When the Founders of ADHD 360 sat together to work out just how we were going to make a new way of working actually function, we knew that we were going to disrupt the status quo and we had to ensure the very highest of standards if we were going to be visibly doing this. One area where we expected scrutiny was in the chosen workforce. This short 3T’s paper highlights our mindset and lets you, the reader, gain confidence in how your clinician is trained and monitored for competence throughout their career.

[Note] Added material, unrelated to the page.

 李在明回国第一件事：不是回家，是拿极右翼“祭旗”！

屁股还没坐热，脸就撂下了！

In 2016, our Managing Director, Phil Anderton, was employed as a Management Consultant to work in NHS ADHD clinics looking for ways to make them more efficient and more effective. Efficiency can be viewed as how budgets are spent, staff utilised and how limited public funds are spent, whilst effectiveness can be seen as how the outcomes for the patients and staff were achieving standards, and indeed challenging if those standards were high enough to warrant being left unchecked going forward.
At this stage Phil had been working in and around ADHD for over 12 years, and had a CV that included working for PwC as a public sector management consultant, he was (and still is), heavily involved in the national ADHD advocacy charity ADDISS, and he was qualified as a project and programme manager as well as holding a Green Belt in lean 6 sigma, a process improvement and efficiency based international qualification.

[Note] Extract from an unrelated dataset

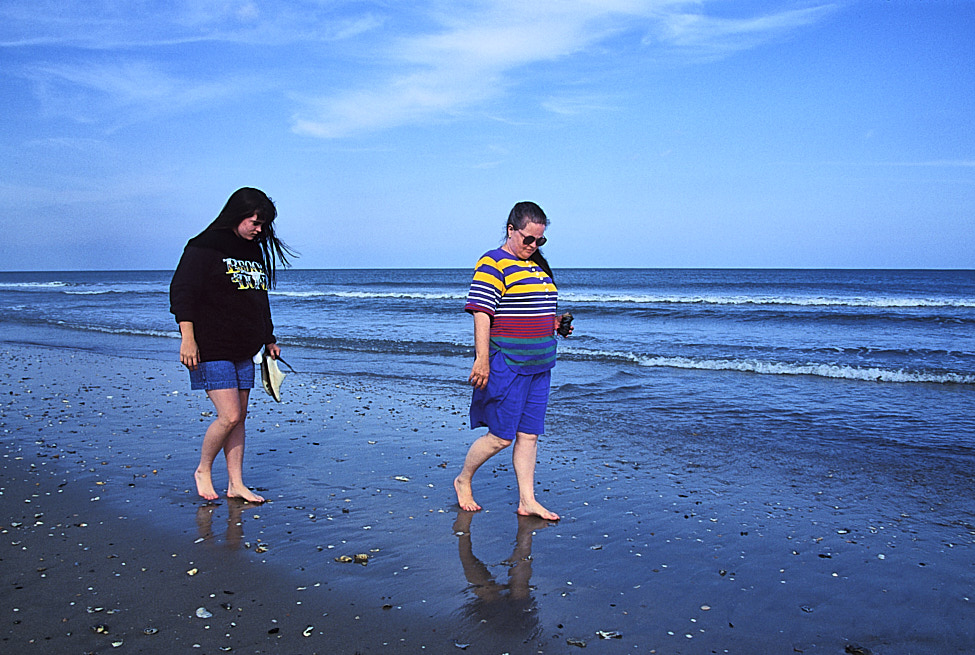 1992-06 A204 Susan&RebeccaShelling_Assateague_1992June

Phil spent two years immersed in the NHS across the UK, working alongside clinicians and managers of all grades to ascertain what ‘excellence’ looked like. The ultimate goal was to find a service that completely represented excellence to use an example for others to model themselves on. Unfortunately, that goal was not satisfied, and what Phil did find was, sadly, a national picture that didnt always represent modern day requirements, perhaps commercially and financially not viable and in terms of processes, sometimes running inefficiently with wasteful ways of working. The landscape for the patient was not effective and long waiting lists, long gaps in treatment were common and many clinicians were unaware of the opportunities to ‘do better’ as this was, and generally still is, the ‘way we do it around here’.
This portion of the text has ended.